Candidly, the story of a handful of Marines videotaping themselves urinating on dead Taliban fighters is a subject I’ve feared to broach because it is heart-breaking to think those men so lost their sense of shared humanity — if only for those minutes — as to do what they did. Rep. Allen West has given me a way to write about it, though, by saying it all better than I ever could. In an e-mail to The Weekly Standard, West wrote:
I have sat back and assessed the incident with the video of our Marines urinating on Taliban corpses. I do not recall any self-righteous indignation when our Delta snipers Shugart and Gordon had their bodies dragged through Mogadishu. Neither do I recall media outrage and condemnation of our Blackwater security contractors being killed, their bodies burned, and hung from a bridge in Fallujah.
All these over-emotional pundits and armchair quarterbacks need to chill. Does anyone remember the two Soldiers from the 101st Airborne Division who were beheaded and gutted in Iraq?
The Marines were wrong. Give them a maximum punishment under field grade level Article 15 (non-judicial punishment), place a General Officer level letter of reprimand in their personnel file, and have them in full dress uniform stand before their Battalion, each personally apologize to God, Country, and Corps videotaped and conclude by singing the full US Marine Corps Hymn without a teleprompter.
As for everyone else, unless you have been shot at by the Taliban, shut your mouth, war is hell.

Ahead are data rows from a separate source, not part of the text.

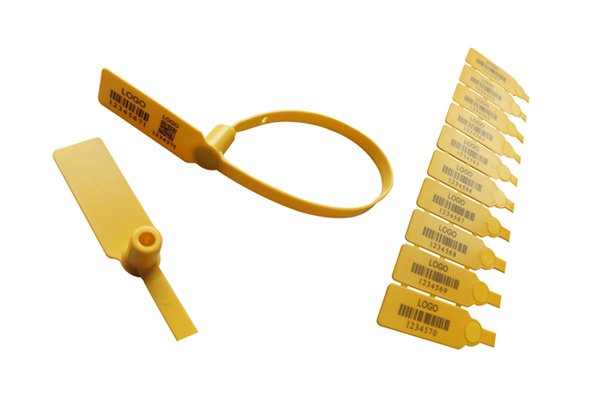 Plastic Seal SY-249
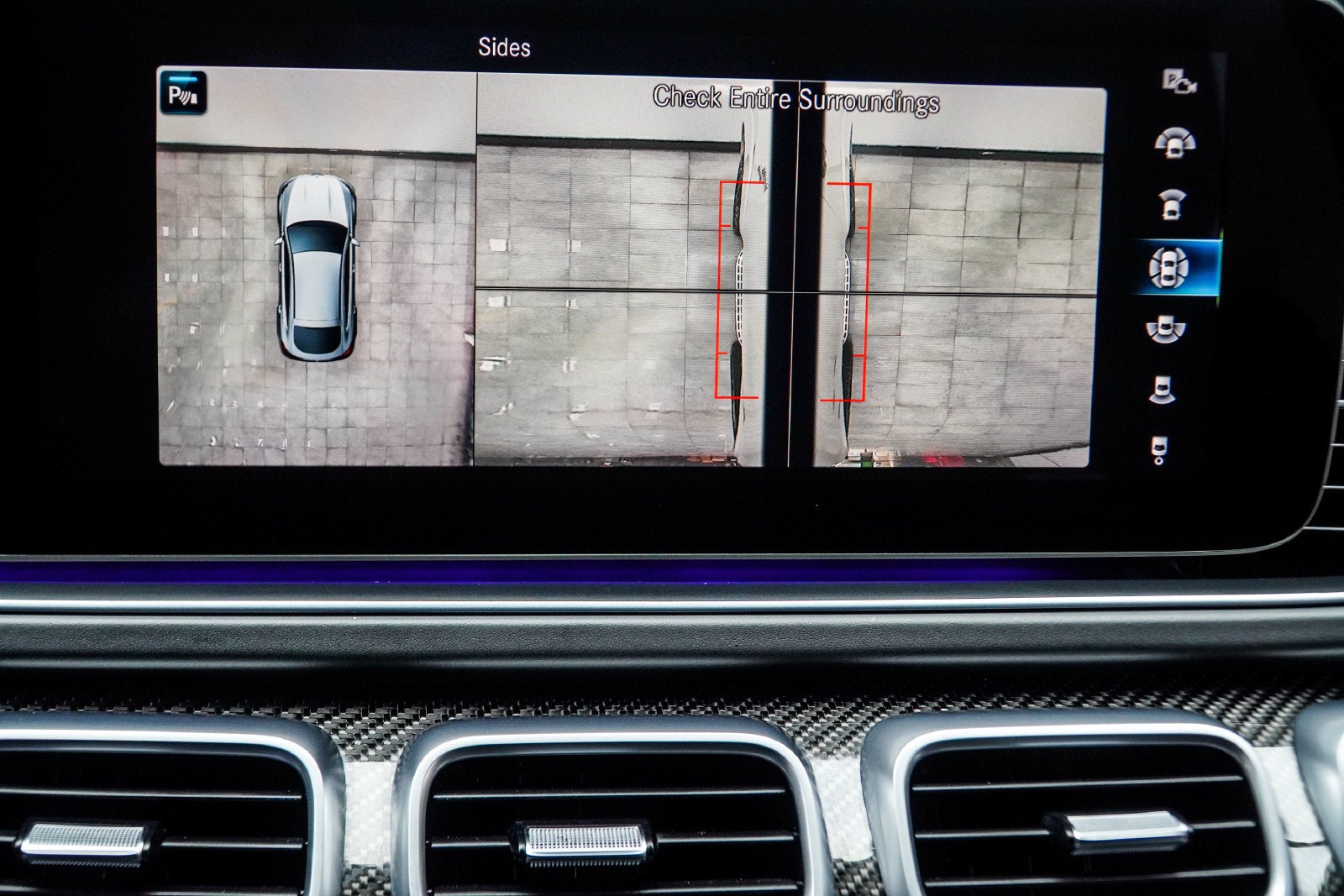2021 Mercedes-Benz GLE GLE 53 AMG® 4MATIC®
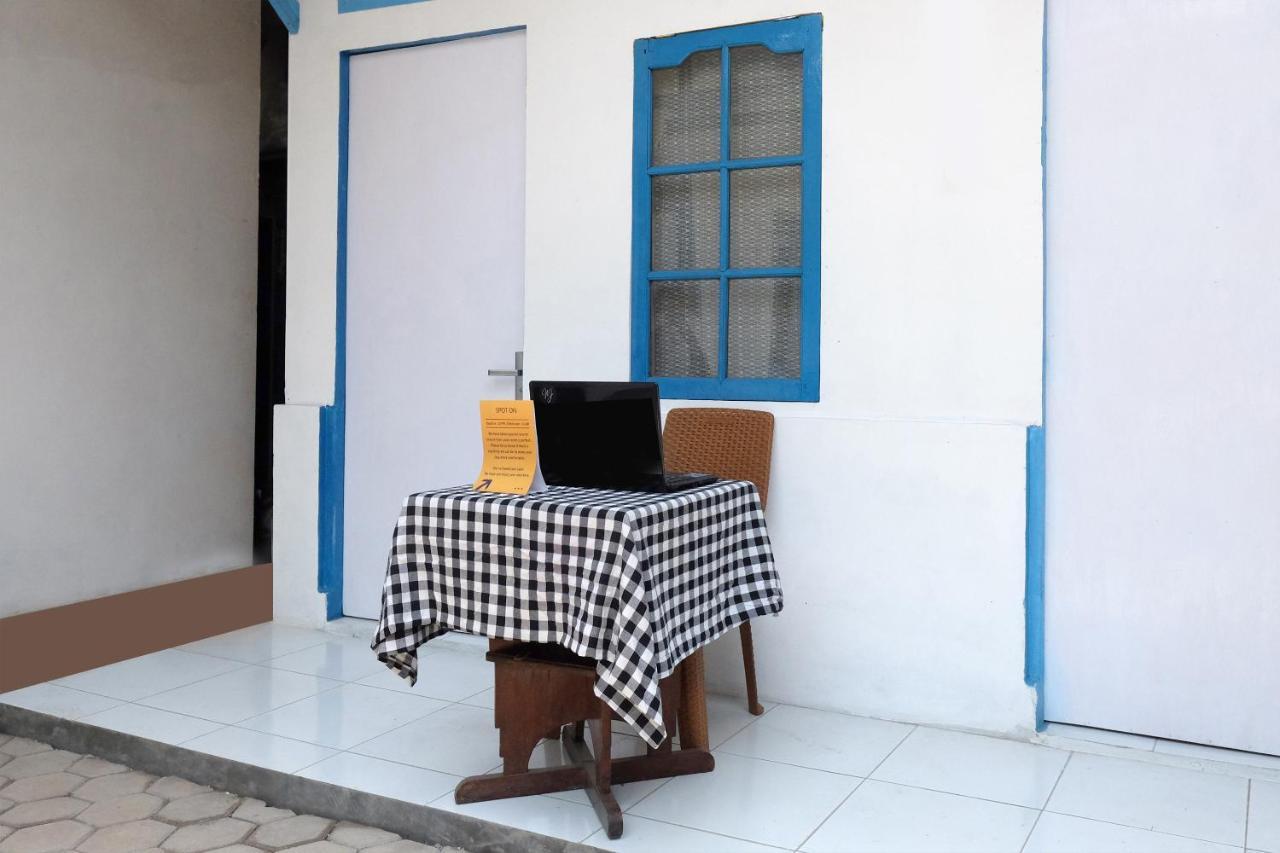 Spot On 2726 Kopo 355 Syariah Hotel Bandung Luaran gambar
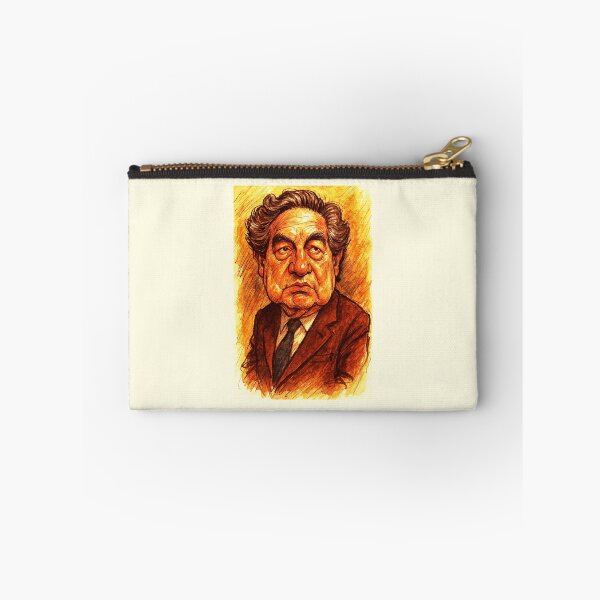 Artikelvorschau, Octavio Paz, mexikanischer Dichter entworfen und verkauft von Sarcastic designs.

Without excusing the vulgar, distasteful, disgraceful (insert your adjective here) desecration committed by the Marines themselves, West reminds us that civilians can never fully understand the magnitude of the sacrifices they ask men and women to make on their behalf.
Words of support for the troops are needed now as always, but they’re hardly forthcoming. The Republican presidential candidates, for example, have made no statements of support for the predominantly well-behaved troops as a buttress against the effects on public opinion of the administration’s eager denouncement of the few. William Kristol highlights their silence:
Give me a break. More importantly, give our troops a break. Yes, the Marines who appear to have done what they did should be reprimanded or punished, as they would have been in the normal course of things once their deed came to light. I will even grant that some higher-ups might have felt it prudent to deplore what happened, based on realpolitik considerations of depriving our enemies of excuses to whip up sentiment against us in the region (though I’m doubtful the effort to do this isn’t more counterproductive than not). But the administration’s reaction is over the top. And it smells of cheap self-righteousness and moral posturing from an administration that, to be honest, hasn’t devoted a whole lot of time to thanking our troops for what they’ve been doing in very difficult and dangerous circumstances.
Maybe it was too much to expect senior officials to make the common sense points that 1) this incident is not something to get hysterical about, and 2) it needs to be put in the context of the admirable behavior of 99 percent of our troops 99 percent of the time. But aren’t there Republicans around who might want to make this point? I gather, for example, that there are several people running for the Republican presidential nomination. Maybe one of them could say a good word about our troops?
Those who do dare to speak up are promptly attacked for it. Big Journalism’s Dana Loesch describes the backlash she’s received for a few statements she made on her radio program yesterday to the effect that the reaction to the incident has been overblown:
This is nothing but an exercise in situational, exploitative outrage, and it completely proved the point I was making. The phrases “defile” and “desecration” popped up in my replies on Twitter every minute or so. If “desecration” is a concern for progressives, where was their outrage when the remains of over 200 Air Force members were dumped in a landfill? I’ve seen more outrage towards our troops over this incident than I have ever seen towards the Taliban themselves who’ve beheaded soldiers (American and Afghan), raped and tortured women, sent out suicide bombers, and carried out horrific attacks.
The disproportionate anger on the part of progressives is fueled by their dislike of our military. That[‘s] what this proves. The left is attacking me so they can give the Obama administration a pass–unlike what they did with Bush and Abu Ghraib. Like it or not, I’ll stand up for our troops no matter which president is in charge.
The situation has never called for histrionics, but it has always called for a sober recognition that the reality of war is unfathomable to those who’ve never experienced it, and it is up to us, who remain in comfort while others fight our battles, to sing the praises of those who bear with the unbearable in a brave and noble manner — and to help however we can to restore to those veterans who’ve lost it a deep, abiding conviction in the dignity and worth of the human person.